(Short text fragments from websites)
◇ ◇ ◇

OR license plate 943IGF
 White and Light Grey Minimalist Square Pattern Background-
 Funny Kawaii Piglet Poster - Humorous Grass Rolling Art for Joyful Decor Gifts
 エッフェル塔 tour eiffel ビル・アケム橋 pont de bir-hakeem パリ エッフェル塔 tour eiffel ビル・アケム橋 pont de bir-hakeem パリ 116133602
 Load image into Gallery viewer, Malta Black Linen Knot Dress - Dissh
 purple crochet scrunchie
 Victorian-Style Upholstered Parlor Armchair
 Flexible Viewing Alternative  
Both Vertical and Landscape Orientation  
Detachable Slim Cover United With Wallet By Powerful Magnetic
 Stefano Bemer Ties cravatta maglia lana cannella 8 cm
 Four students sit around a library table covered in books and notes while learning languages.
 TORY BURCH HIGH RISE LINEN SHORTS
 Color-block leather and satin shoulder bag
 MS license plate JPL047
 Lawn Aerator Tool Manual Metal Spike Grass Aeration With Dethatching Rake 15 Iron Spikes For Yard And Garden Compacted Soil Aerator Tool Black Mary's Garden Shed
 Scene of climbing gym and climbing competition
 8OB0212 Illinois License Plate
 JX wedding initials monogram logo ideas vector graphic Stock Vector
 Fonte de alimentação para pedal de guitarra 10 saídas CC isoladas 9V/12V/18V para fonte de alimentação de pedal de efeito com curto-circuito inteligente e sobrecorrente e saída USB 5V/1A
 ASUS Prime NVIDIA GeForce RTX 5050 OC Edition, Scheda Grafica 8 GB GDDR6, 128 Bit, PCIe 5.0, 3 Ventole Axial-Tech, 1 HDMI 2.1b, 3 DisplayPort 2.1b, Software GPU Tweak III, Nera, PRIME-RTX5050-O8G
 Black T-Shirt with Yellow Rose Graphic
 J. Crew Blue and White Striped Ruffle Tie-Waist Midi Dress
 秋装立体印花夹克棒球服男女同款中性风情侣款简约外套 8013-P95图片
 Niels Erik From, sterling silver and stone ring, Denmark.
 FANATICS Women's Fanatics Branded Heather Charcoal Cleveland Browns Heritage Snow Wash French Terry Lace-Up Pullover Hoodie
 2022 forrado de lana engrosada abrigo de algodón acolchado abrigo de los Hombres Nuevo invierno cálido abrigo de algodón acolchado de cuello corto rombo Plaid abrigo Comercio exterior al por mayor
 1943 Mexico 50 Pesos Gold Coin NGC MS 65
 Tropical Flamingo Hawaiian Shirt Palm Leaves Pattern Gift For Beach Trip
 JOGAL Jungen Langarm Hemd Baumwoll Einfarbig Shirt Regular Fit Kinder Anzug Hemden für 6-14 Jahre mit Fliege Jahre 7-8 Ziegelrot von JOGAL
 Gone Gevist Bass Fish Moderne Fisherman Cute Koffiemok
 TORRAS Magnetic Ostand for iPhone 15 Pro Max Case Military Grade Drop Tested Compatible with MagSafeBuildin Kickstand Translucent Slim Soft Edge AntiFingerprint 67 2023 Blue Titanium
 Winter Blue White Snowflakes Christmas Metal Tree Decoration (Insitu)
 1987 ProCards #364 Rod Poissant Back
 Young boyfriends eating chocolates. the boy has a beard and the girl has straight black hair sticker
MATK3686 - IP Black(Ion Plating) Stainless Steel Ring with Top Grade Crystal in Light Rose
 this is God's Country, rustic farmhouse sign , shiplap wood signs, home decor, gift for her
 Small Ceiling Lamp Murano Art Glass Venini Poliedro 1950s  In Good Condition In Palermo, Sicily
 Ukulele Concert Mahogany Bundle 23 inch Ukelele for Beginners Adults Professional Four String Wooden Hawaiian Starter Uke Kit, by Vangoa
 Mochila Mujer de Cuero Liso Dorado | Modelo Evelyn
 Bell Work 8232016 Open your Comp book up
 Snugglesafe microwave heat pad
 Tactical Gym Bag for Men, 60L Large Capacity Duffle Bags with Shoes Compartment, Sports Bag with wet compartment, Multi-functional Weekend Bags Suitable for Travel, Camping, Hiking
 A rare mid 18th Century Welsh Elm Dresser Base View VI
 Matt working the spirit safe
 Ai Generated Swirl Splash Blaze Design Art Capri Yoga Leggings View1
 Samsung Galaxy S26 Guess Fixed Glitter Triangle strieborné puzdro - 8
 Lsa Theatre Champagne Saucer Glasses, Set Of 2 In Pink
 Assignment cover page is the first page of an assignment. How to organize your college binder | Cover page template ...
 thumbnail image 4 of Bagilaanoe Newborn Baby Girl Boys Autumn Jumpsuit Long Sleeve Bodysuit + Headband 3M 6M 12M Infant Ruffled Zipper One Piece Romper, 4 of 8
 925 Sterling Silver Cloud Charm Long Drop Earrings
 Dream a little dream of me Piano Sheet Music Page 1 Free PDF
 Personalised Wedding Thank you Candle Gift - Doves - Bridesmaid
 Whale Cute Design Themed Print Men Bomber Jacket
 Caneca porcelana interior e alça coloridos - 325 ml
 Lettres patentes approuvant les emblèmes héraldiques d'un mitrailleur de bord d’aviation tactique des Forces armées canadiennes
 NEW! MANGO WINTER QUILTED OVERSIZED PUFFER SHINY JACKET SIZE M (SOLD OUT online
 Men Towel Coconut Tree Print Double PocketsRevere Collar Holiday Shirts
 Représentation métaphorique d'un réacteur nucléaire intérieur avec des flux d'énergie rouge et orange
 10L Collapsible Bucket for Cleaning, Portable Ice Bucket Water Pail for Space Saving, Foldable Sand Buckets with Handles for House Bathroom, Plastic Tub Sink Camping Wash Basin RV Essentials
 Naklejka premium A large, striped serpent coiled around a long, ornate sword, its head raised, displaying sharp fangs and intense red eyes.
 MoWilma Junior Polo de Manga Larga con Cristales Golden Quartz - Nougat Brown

◇ ◇ ◇

#### What you are asked to do:
With "your" as the string to match, show every line of the entries above that has it.

#### Written answer:
 Bell Work 8232016 Open your Comp book up
 Assignment cover page is the first page of an assignment. How to organize your college binder | Cover page template ...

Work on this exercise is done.